Short-Path Prompting in LLMs: Analyzing Reasoning Instability and Solutions for Robust Performance
Zuoli Tang, Junjie Ou, Kaiqin Hu, Chunwei Wu, Zhaoxin Huan, Chilin Fu, Xiaolu Zhang, Jun Zhou, Chenliang Li
TL;DR
The paper investigates how short-path prompts undermine reasoning in state-of-the-art LLMs due to conflicts with hidden chain-of-thought prompts. It introduces GSM8K-new and GSM8K-new-choice to rigorously evaluate reasoning under varied prompts and demonstrates that performance collapses for multi-step problems and exhibits strong positional bias in multiple-choice settings.
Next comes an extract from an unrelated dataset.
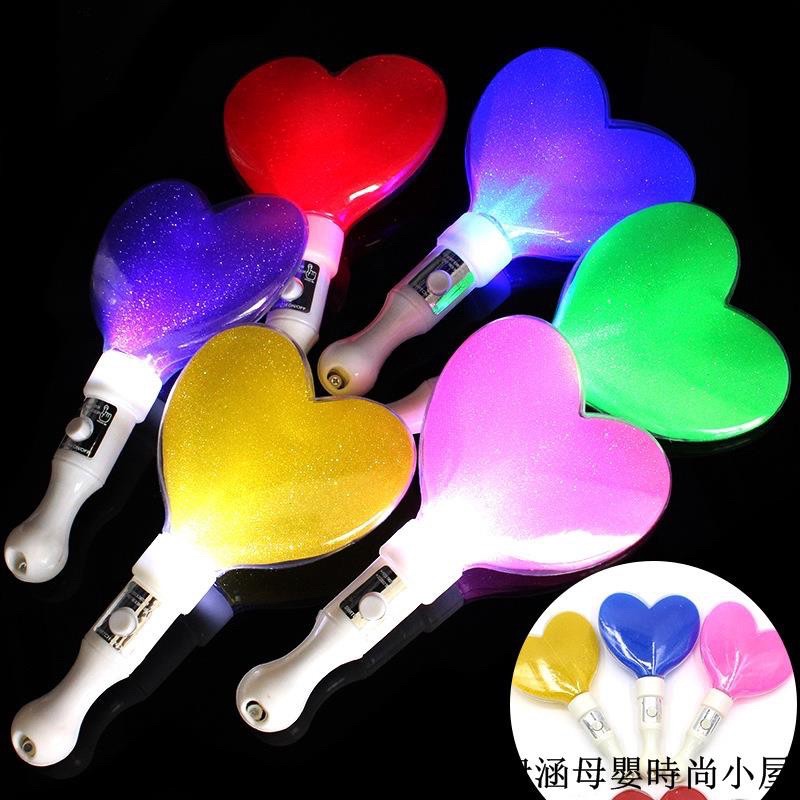 GẬY PHÁT SÁNG HÌNH TRÁI TIM KÈM PIN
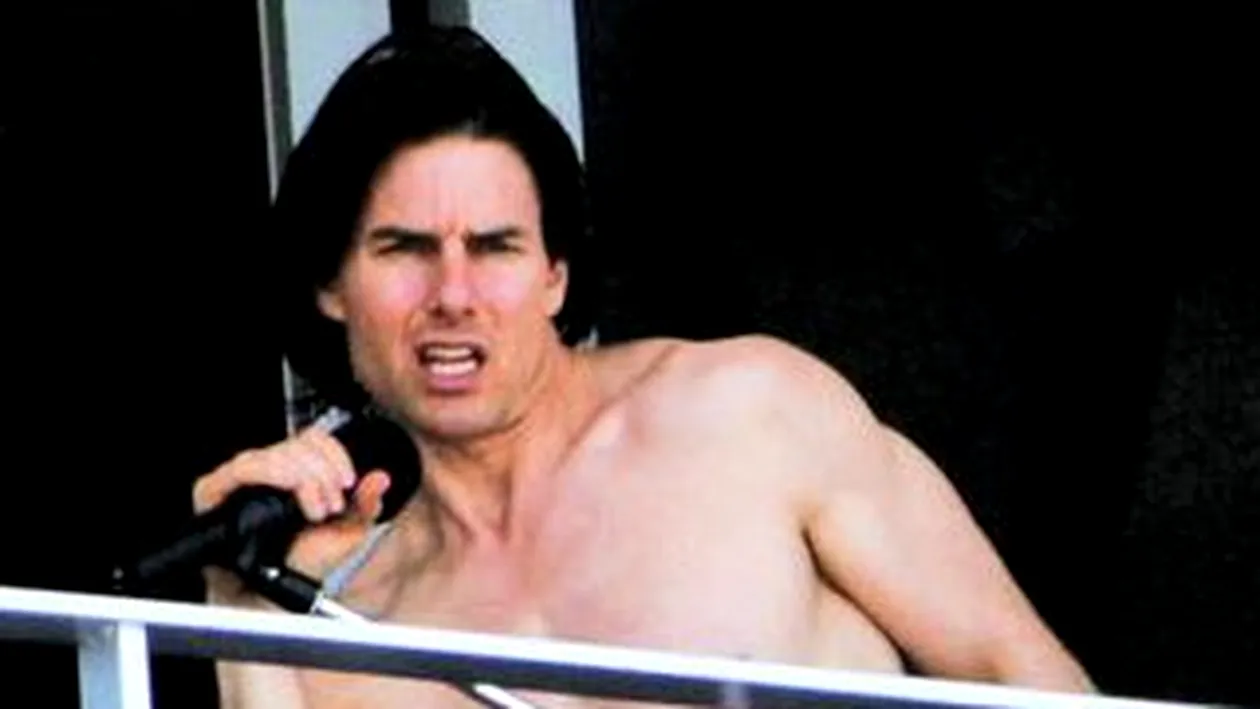Tom Cruise a facut pe rockerul in balcon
To address these issues, two strategies are proposed: an instruction-guided method that resolves prompt conflicts via system prompts, and a rule-based filter fine-tuning (RFFT) approach that trains intrinsic resistance to short-path prompts. Experimental results across four reasoning benchmarks show that both methods substantially improve robustness and accuracy, with RFFT offering stronger resistance on MC tasks and preserving instruction-following capabilities. The work highlights the practical importance of designing prompts and training regimes that balance user instruction with reliable reasoning in LLMs.
Abstract
Recent years have witnessed significant progress in large language models' (LLMs) reasoning, which is largely due to the chain-of-thought (CoT) approaches, allowing models to generate intermediate reasoning steps before reaching the final answer. Building on these advances, state-of-the-art LLMs are instruction-tuned to provide long and detailed CoT pathways when responding to reasoning-related questions. However, human beings are naturally cognitive misers and will prompt language models to give rather short responses, thus raising a significant conflict with CoT reasoning. In this paper, we delve into how LLMs' reasoning performance changes when users provide short-path prompts. The results and analysis reveal that language models can reason effectively and robustly without explicit CoT prompts, while under short-path prompting, LLMs' reasoning ability drops significantly and becomes unstable, even on grade-school problems. To address this issue, we propose two approaches: an instruction-guided approach and a fine-tuning approach, both designed to effectively manage the conflict. Experimental results show that both methods achieve high accuracy, providing insights into the trade-off between instruction adherence and reasoning accuracy in current models.